58Auf die seit dem 1. Januar 2022 unter anderem für Rechtsanwälte, Behörden und juristische Personen des öffentlichen Rechts geltende Pflicht zur Übermittlung als elektronisches Dokument nach Maßgabe der §§ 55a, 55d Verwaltungsgerichtsordnung – VwGO – und der Verordnung über die technischen Rahmenbedingungen des elektronischen Rechtsverkehrs und über das besondere elektronische Behördenpostfach (Elektronischer-Rechtsverkehr-Verordnung – ERVV –) wird hingewiesen.
59(3) Gegen den Streitwertbeschluss kann schriftlich oder zur Niederschrift des Urkundsbeamten der Geschäftsstelle bei dem Verwaltungsgericht Düsseldorf (Bastionstraße 39, 40213 Düsseldorf oder Postfach 20 08 60, 40105 Düsseldorf) Beschwerde eingelegt werden, über die das Oberverwaltungsgericht für das Land Nordrhein-Westfalen in Münster entscheidet, falls ihr nicht abgeholfen wird. § 129a der Zivilprozessordnung gilt entsprechend.
60Auf die seit dem 1. Januar 2022 unter anderem für Rechtsanwälte, Behörden und juristische Personen des öffentlichen Rechts geltende Pflicht zur Übermittlung als elektronisches Dokument nach Maßgabe der §§ 55a, 55d Verwaltungsgerichtsordnung – VwGO – und der Verordnung über die technischen Rahmenbedingungen des elektronischen Rechtsverkehrs und über das besondere elektronische Behördenpostfach (Elektronischer-Rechtsverkehr-Verordnung – ERVV –) wird hingewiesen.

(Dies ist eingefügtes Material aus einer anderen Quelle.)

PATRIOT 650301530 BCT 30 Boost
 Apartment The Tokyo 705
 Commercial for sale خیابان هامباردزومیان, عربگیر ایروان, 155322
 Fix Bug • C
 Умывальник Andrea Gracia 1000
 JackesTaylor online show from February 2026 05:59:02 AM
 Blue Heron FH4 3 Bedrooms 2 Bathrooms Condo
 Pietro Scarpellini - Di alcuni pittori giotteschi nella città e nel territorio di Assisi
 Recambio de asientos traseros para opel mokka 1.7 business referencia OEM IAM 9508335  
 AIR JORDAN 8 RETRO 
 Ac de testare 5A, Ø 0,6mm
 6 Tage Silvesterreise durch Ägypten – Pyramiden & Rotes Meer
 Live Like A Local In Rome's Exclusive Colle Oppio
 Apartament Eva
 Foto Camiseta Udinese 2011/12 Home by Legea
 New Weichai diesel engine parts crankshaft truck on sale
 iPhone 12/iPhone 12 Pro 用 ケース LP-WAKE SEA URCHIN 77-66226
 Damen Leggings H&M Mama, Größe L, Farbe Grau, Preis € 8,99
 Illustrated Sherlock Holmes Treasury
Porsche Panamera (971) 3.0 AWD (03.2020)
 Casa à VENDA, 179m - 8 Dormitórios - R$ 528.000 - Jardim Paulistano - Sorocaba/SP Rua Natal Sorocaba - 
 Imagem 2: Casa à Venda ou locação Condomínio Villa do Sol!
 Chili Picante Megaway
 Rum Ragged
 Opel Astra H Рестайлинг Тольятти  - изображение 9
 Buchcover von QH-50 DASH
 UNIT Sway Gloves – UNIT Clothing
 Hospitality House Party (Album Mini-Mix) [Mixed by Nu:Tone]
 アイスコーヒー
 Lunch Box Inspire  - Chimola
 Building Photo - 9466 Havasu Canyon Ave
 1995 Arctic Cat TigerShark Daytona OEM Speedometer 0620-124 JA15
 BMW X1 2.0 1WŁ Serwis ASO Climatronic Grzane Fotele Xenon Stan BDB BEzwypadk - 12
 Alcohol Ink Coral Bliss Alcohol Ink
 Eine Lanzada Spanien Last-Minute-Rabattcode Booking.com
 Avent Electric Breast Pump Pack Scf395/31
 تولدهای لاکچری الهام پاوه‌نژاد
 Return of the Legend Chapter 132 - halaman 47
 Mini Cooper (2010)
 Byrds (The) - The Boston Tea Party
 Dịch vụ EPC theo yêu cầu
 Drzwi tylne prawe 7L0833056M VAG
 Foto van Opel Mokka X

61Die Beschwerde ist nur zulässig, wenn sie innerhalb von sechs Monaten eingelegt wird, nachdem die Entscheidung in der Hauptsache Rechtskraft erlangt oder das Verfahren sich anderweitig erledigt hat; ist der Streitwert später als einen Monat vor Ablauf dieser Frist festgesetzt worden, so kann sie noch innerhalb eines Monats nach Zustellung oder formloser Mitteilung des Festsetzungsbeschlusses eingelegt werden.
62Die Beschwerde ist nicht gegeben, wenn der Wert des Beschwerdegegenstandes 200,-- Euro nicht übersteigt.
63War der Beschwerdeführer ohne sein Verschulden verhindert, die Frist einzuhalten, ist ihm auf Antrag von dem Gericht, das über die Beschwerde zu entscheiden hat, Wiedereinsetzung in den vorigen Stand zu gewähren, wenn er die Beschwerde binnen zwei Wochen nach der Beseitigung des Hindernisses einlegt und die Tatsachen, welche die Wiedereinsetzung begründen, glaubhaft macht. Nach Ablauf eines Jahres, von dem Ende der versäumten Frist angerechnet, kann die Wiedereinsetzung nicht mehr beantragt werden.